The logical VLAN interfaces cannot be deleted directly. The VLAN itself must be deleted by selecting the “Settings” tab and navigating to “Node Interfaces”, “Bridge”, “VLAN”. From there, select the checkbox(es) and click on the red “X”.

Delete VLAN(s)

Delete VLAN(s)

This didn’t work on my first try, as there are references elsewhere to these VLANs. I eventually hunted them all down:

  • “Port Ethernet 1” needed both VLANs removed from the trunk
  • “Port ASM 1” needed its “Default Untagged VLAN” changed
  • Each “Signaling Group” needed its “Signaling/Media Source IP” changed

The first two were obvious once I thought about it, but it too me some time to discover the last. After poking around the web interface looking for references, I remembered that the full XML config is in the backup file. I loaded up backupconfig.xml into my editor, searched for references to the VLAN id, and found a match under <Token name="SignalingGroups">. Bingo!

Configure the switches

Next, I reconfigured the network switches. These are Cisco Nexus switches, using port-profiles:

port-profile type ethernet host-sbctelecom-eth
  switchport access vlan 314
  spanning-tree port type edge
  description session border controller telecom network
  state enabled
port-profile type ethernet host-sbcdmz-eth
  switchport access vlan 334
  spanning-tree port type edge
  description session border controller dmz network
  state enabled

switch 1:

default int e1/4, e1/12
!
int e1/4
  inherit port-profile host-sbctelecom-eth
  description sbc-1-e1
  no shutdown
int e1/12
  inherit port-profile host-sbcdmz-eth
  description sbc-1-e3
  no shutdown

switch 2:

default int e1/4, e1/12
!
int e1/4
  inherit port-profile host-sbctelecom-eth
  description sbc-1-e2
  no shutdown
int e1/12
  inherit port-profile host-sbcdmz-eth
  description sbc-1-e4
  no shutdown

Test ports

On the SBC, I set the “Admin State” to enabled on all the new ports to verify that link negotiated correctly. I verified against the cabling plan by manually shutting down each port on the switch side and verifying that “Service Status” changed to “Down” on the corresponding SBC port.

Configure SBC IP

The IP for each failover pair is configured on the logical interface for the that pair’s primary port. In our case, ports “Ethernet 1” and “Ethernet 2” have their IP configured under “Node Interfaces”, “Logical Interfaces”, “Ethernet 1 IP”. From here, set the “Description” to the network name, “Admin State” to “Enabled”, and “Primary Address” and netmask/prefix for the hosts IPv4 and IPv6 addresses on that network. I repeated the process for the other pair, under “Ethernet 3 IP”.

Configure SBC Ports

For each failover pair, I navigated to “Settings”, “Node Interfaces”, “Ports”, and selected the primary port in the pair. Under “Networking”, I set the “Frame Type” to “Untagged”, and the “Redundancy” to “Failover”, selecting the corresponding “Redundant Port”.

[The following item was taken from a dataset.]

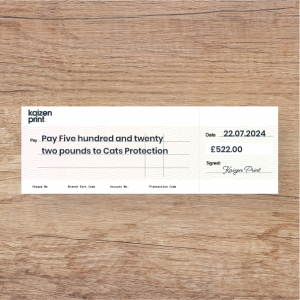 Personalized Presentation Cheque from Kaizen Print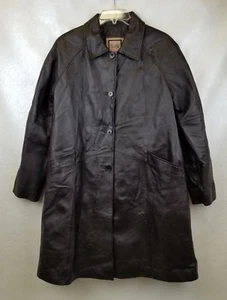 Excelled Collection Coat Brown Leather Collared Buttons Pockets Lined Size L - Picture 1 of 7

Configure failover pair (Ethernet 1 / Ethernet 2)

Configure failover pair (Ethernet 1 / Ethernet 2)

Final testing

Testing was relatively straightforward. Initially I just pinged the interface(s), executed a shut on the primary interface, and observed the traffic shifting.

On the first device one interface in the pair , “Ethernet 1”, didn’t work as expected. I could see the MAC address in the L2 table on the upstream switch, and the next-hop router would receive ARP replies and correctly populate its ARP table, but the device would not respond to pings. When I failed over to the other interface, “Ethernet 2”, pings worked. I initially thought it to be an issue on the Cisco side, as I’ve had experiences in the past (with enhanced vPC and fabric extenders) where reconfiguring an interface didn’t always “take”. In this case, it wasn’t the Cisco side. As a last resort, I changed the ports “Redundancy” to “None”, applied the change, and then changed it back to “Failover”. That fixed the issue. Despite following the same steps, the other SBC didn’t experience this issue.

This maintenance was coordinated in a Teams channel. Two of the other engineers on the call set up a new call to each other through one of the SBCs. They chatted while I failed the interface back and forth, and neither could notice any interruption or degradation. Success!